◆ **Required work**: Output all records exactly, with no images.

━━━

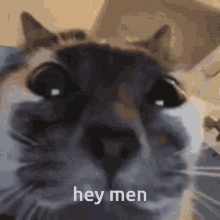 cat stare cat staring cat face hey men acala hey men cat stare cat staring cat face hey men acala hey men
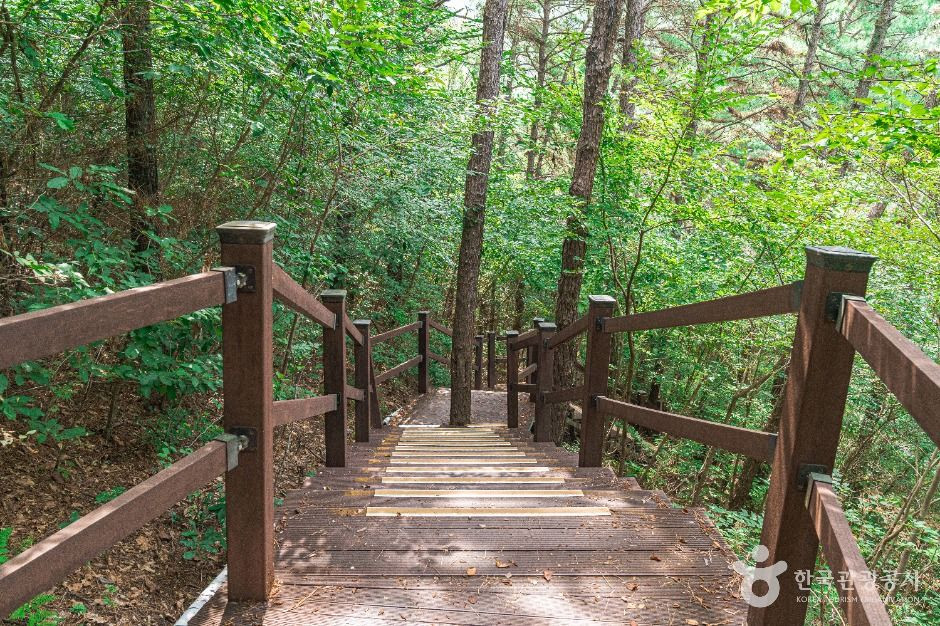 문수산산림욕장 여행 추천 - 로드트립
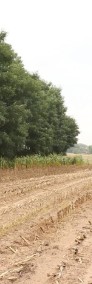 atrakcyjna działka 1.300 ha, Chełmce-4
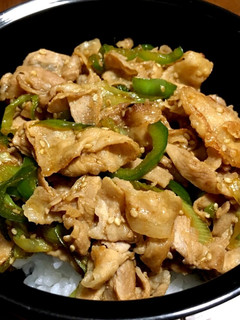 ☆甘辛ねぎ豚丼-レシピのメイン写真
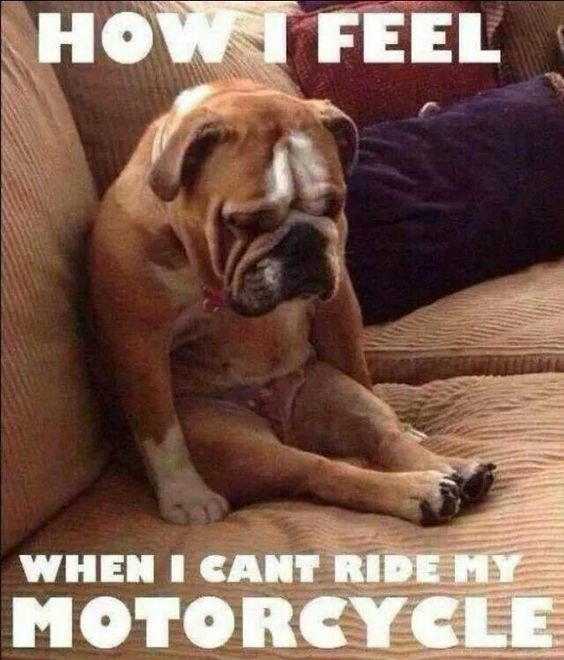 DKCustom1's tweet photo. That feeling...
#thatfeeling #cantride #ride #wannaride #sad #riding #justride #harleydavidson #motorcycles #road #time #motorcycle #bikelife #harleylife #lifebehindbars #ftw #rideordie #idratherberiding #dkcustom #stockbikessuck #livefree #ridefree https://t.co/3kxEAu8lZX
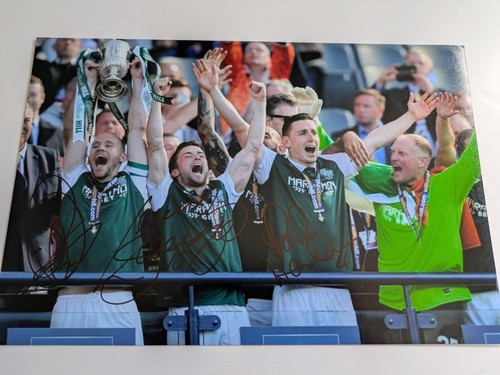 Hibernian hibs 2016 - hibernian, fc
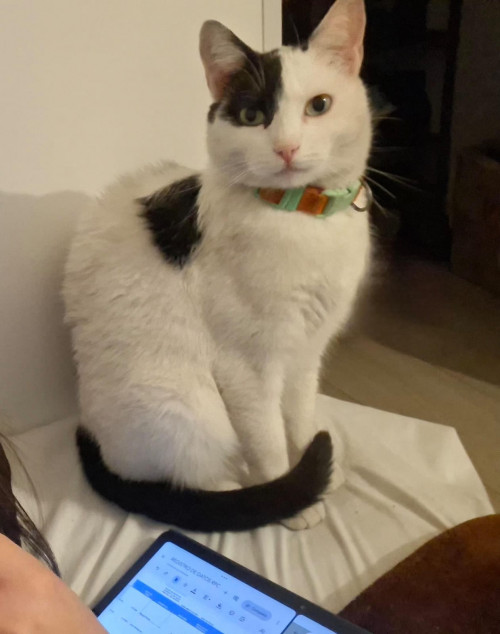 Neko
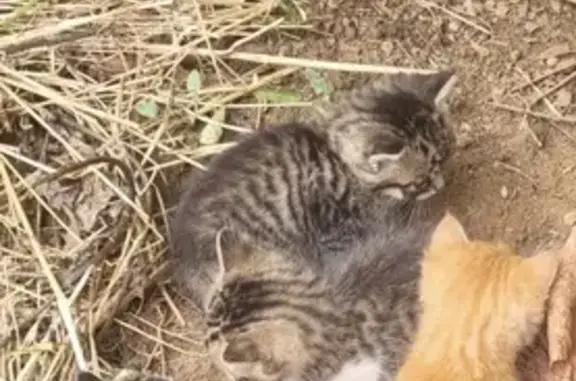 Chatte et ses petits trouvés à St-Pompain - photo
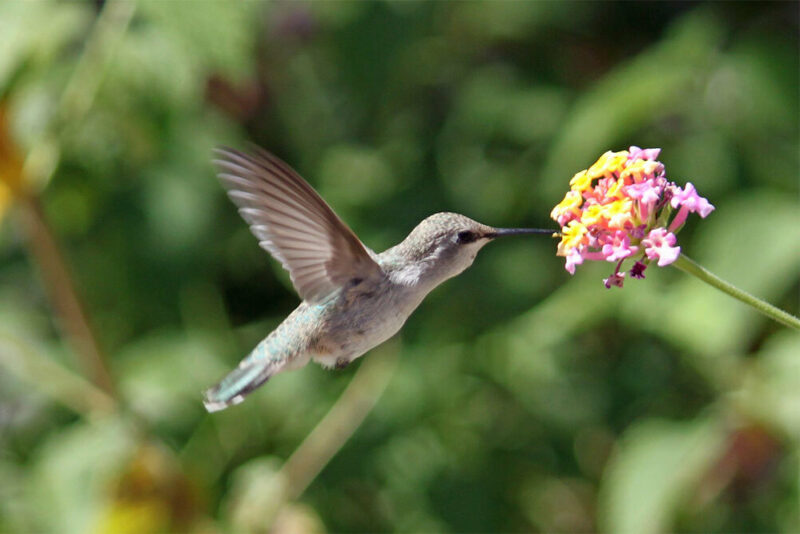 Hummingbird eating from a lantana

━━━

◆ **Solution below**:
 cat stare cat staring cat face hey men acala hey men cat stare cat staring cat face hey men acala hey men
 문수산산림욕장 여행 추천 - 로드트립
 atrakcyjna działka 1.300 ha, Chełmce-4
 ☆甘辛ねぎ豚丼-レシピのメイン写真
 DKCustom1's tweet photo. That feeling...
#thatfeeling #cantride #ride #wannaride #sad #riding #justride #harleydavidson #motorcycles #road #time #motorcycle #bikelife #harleylife #lifebehindbars #ftw #rideordie #idratherberiding #dkcustom #stockbikessuck #livefree #ridefree https://t.co/3kxEAu8lZX
 Hibernian hibs 2016 - hibernian, fc
 Neko
 Chatte et ses petits trouvés à St-Pompain - photo
 Hummingbird eating from a lantana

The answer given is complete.